Pictures with short captions
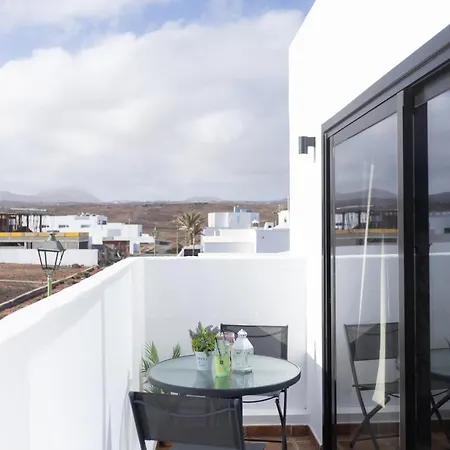 - Large Terrace - Ocean Views - La Santa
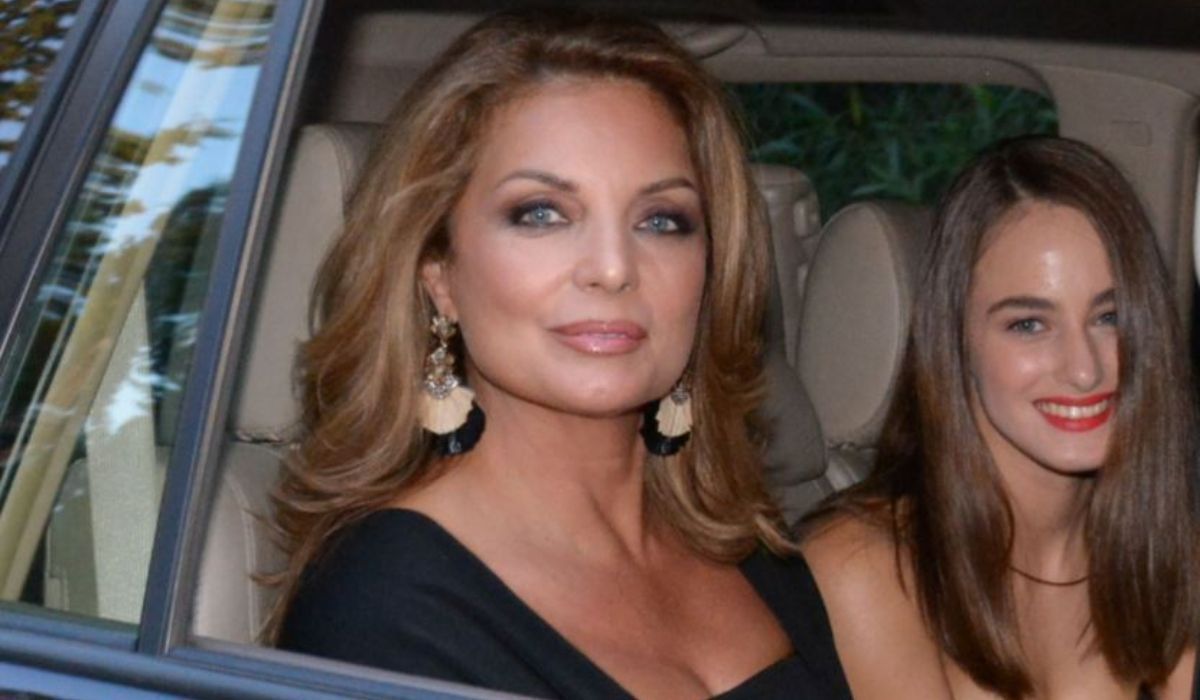 Άντζελα Γκερέκου : Η Αθηνά απο την Γη της Ελιάς στην θεατρική της πρεμιέρα – Ποιοι βρέθηκαν στο πλευρό της – Φωτογραφίες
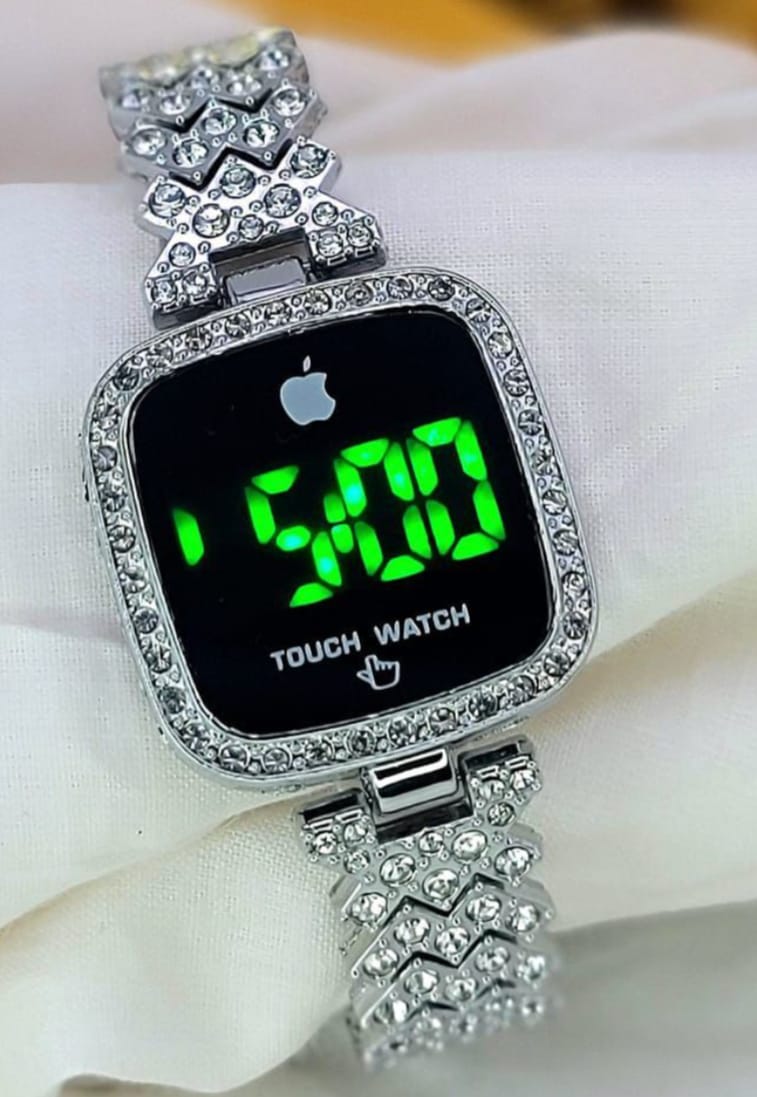 Ladies Square Dial Digital Watch Stylish Design Clear Display Comfortable Strap Easy To Use Reliable Performance Perfect For Daily Wear 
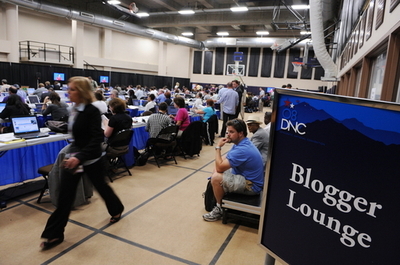 ＜08米大統領選挙＞党大会にもネットの波、ブロガー取材にメディア待遇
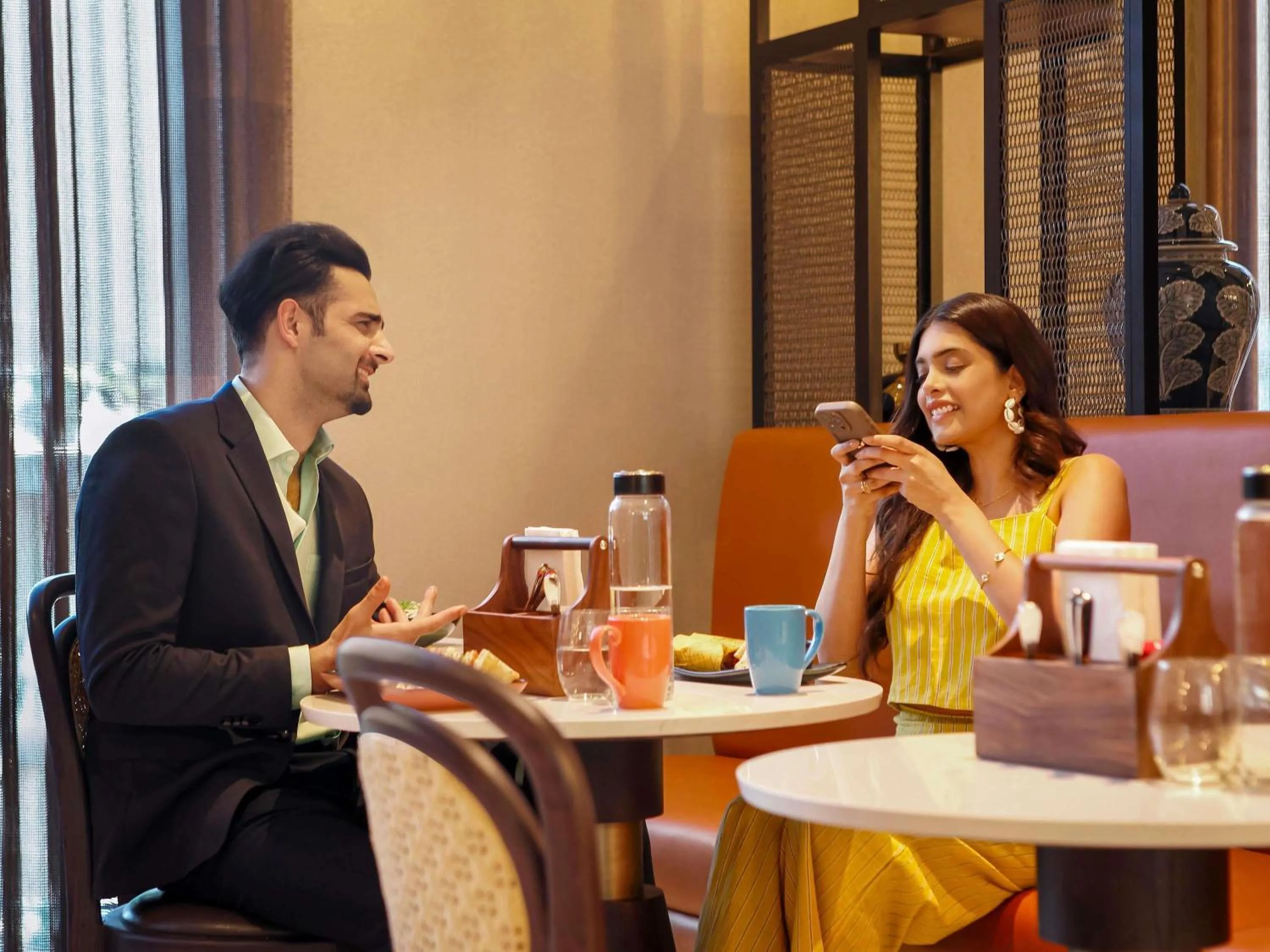 Restaurant/places to eat in ibis Mumbai BKC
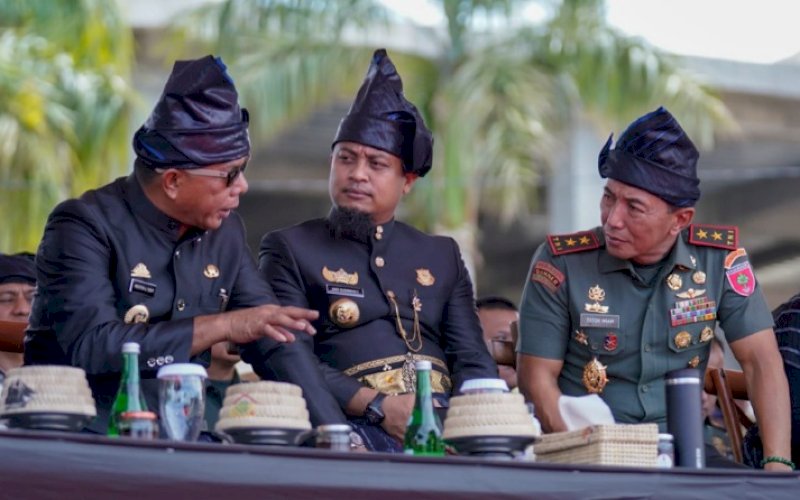 HUT BULUKUMBA. Bupati Bulukumba Andi Muchtar Ali Yusuf mendampingi Gubernur Sulsel Andi Sudirman Sulaiman pada peringatan Hari Jadi Kabupaten Bulukumba Ke-63, Sabtu (4/2/2023). foto: istimewa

■ Your task: Write out the data above exactly as it appears, but without any image.

■ Output for this exercise:
 - Large Terrace - Ocean Views - La Santa
 Άντζελα Γκερέκου : Η Αθηνά απο την Γη της Ελιάς στην θεατρική της πρεμιέρα – Ποιοι βρέθηκαν στο πλευρό της – Φωτογραφίες
 Ladies Square Dial Digital Watch Stylish Design Clear Display Comfortable Strap Easy To Use Reliable Performance Perfect For Daily Wear 
 ＜08米大統領選挙＞党大会にもネットの波、ブロガー取材にメディア待遇
 Restaurant/places to eat in ibis Mumbai BKC
 HUT BULUKUMBA. Bupati Bulukumba Andi Muchtar Ali Yusuf mendampingi Gubernur Sulsel Andi Sudirman Sulaiman pada peringatan Hari Jadi Kabupaten Bulukumba Ke-63, Sabtu (4/2/2023). foto: istimewa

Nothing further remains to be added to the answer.